The ECCC is actually the second internationalized court to try senior leaders for human rights violations during the Khmer Rouge regime. The first court, convened in August 1979, was known as the People’s Revolutionary Tribunal, or the PRT.[2] The PRT was presented as a domestic judicial proceeding, but in reality it owed much to support from states such as Vietnam and East Germany. It was also as much a strategic political maneuver as it was an exercise in justice. Most of the personnel in the regime that succeeded the Khmer Rouge had been members of the Khmer Rouge, and consequently the new leadership felt a need to distinguish itself from its predecessor in the eyes of both the Cambodian people and the international community. In this sense, the PRT aimed to confer domestic and international legitimacy upon the new regime. The new regime also hoped that by prosecuting only two of the senior leaders from the Khmer Rouge regime, they might encourage defections from the remainder of their former colleagues still in resistance.
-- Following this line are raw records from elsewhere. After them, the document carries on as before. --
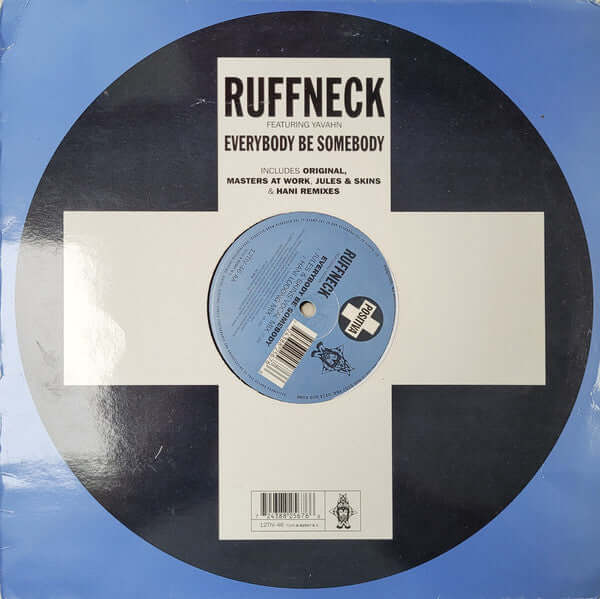 Ruffneck Featuring Yavahn - Everybody Be Somebody Vinyl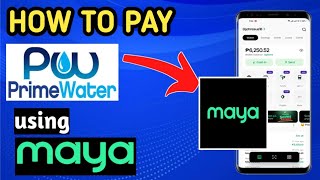 HOW TO PAY PRIMEWATER BILL USING MAYA APP  PAANO MAGBAYAD NG PRIMEWATER SA MAYA [upl. by Wells]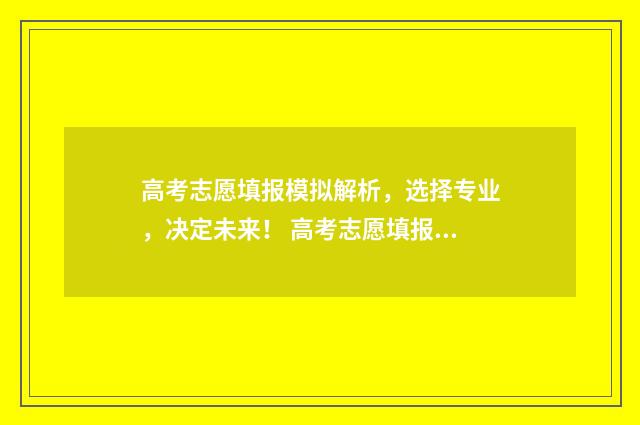 高考志愿填报模拟解析，选择专业，决定未来！ 高考志愿填报模拟填报系统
The public proceedings of the PRT lasted scarcely one week, and critics found much to fault in the technical quality of the trial. The tribunal prosecuted Pol Pot, who was Secretary of the Communist Party of Kampuchea and Prime Minister of Democratic Kampuchea, and his brother-in-law Ieng Sary, Deputy Prime Minister and a member of the Communist politburo. Both were found guilty of genocide and sentenced to death. However, the prosecutions were conducted in absentia, while Pol Pot and Ieng Sary busied themselves with reconstituting their defeated army and commencing what would turn out to be a 20-year insurgency. A majority of the international community not only ignored the PRT but also snubbed the de facto regime that staged the trial, awarding Cambodia’s United Nations seat to the now-exiled Khmer Rouge. Recognizing that its bid for international legitimacy had fallen short, the new regime began to demand that another tribunal be established, this time fully internationalized. It would be a quarter century before this demand came to fruition.
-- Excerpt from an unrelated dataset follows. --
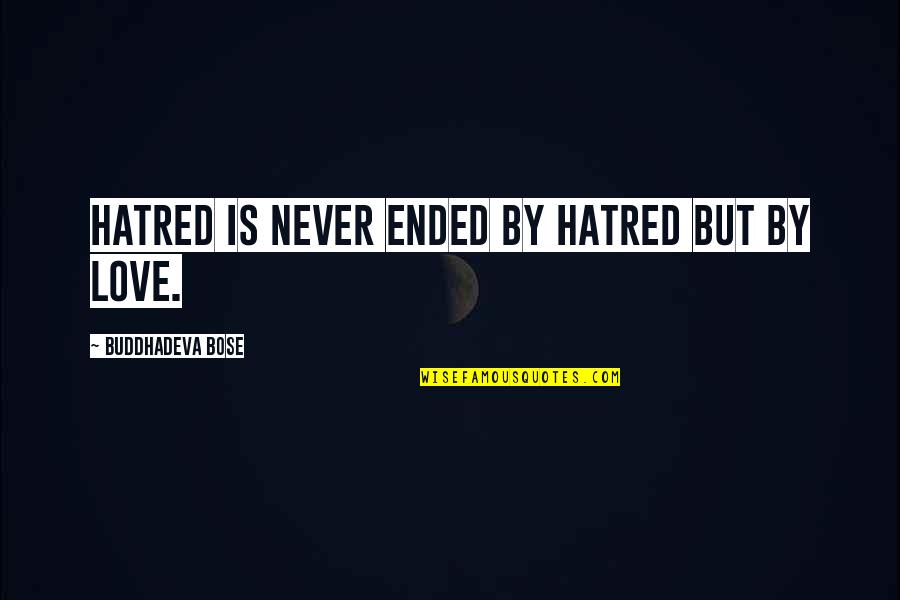 Grgur Pleslic Quotes By Buddhadeva Bose: Hatred is never ended by hatred but by Grgur Pleslic Quotes By Buddhadeva Bose: Hatred is never ended by hatred but by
In that intervening period, all manner of amnesties were granted. The de facto Cambodian regime offered amnesty to members of the Khmer Rouge who agreed to change sides, and many took advantage of the offer. When the Soviet Union, China, and the United States decided in 1991 to terminate what had in many respects been a proxy war, they imposed a peace settlement upon the Cambodian factions that included an effective amnesty for the Khmer Rouge leadership. After the Khmer Rouge abandoned the peace process and returned to armed resistance, the new Cambodian regime renewed its offers of amnesty to Khmer Rouge members. Finally, in 1996, Ieng Sary negotiated a pardon and amnesty for himself and led approximately two-thirds of Khmer Rouge military units to “rejoin the national community.” That move generated considerable opposition, both domestically and internationally, with Amnesty International leading a full-throated charge against it. Other observers judged that the Ieng Sary amnesty could hasten the day when hostilities were finally terminated, thereby helping to create a political situation in which a transitional justice process could be organized. This eventually proved to be correct, and Ieng Sary’s amnesty was ultimately no bar to his prosecution by the ECCC.

After more than a quarter century of negotiations, the Khmer Rouge Tribunal commenced operations in 2006.[3] The long gestation of the KRT resulted from myriad domestic and international political complications. While the Soviet Union, China, and the United States were funding a proxy war in Cambodia, there was no prospect of a broad agreement on an international tribunal. As the Cambodian war moved toward a settlement, international concerns endured; the United States feared that a Cambodia tribunal might attempt to prosecute U.S. statesmen such as Henry Kissinger as war criminals, while the Chinese felt that prosecuting the leaders of an Asian Communist revolution for the deaths of millions of people was simply a bad precedent. Within Cambodia, the ruling party insisted on arrangements that would ensure that they could control any potential unanticipated developments. It took many years of painstaking negotiations to arrive at a formula that satisfied the concerns of the Cambodian government, the UN, and the donor community.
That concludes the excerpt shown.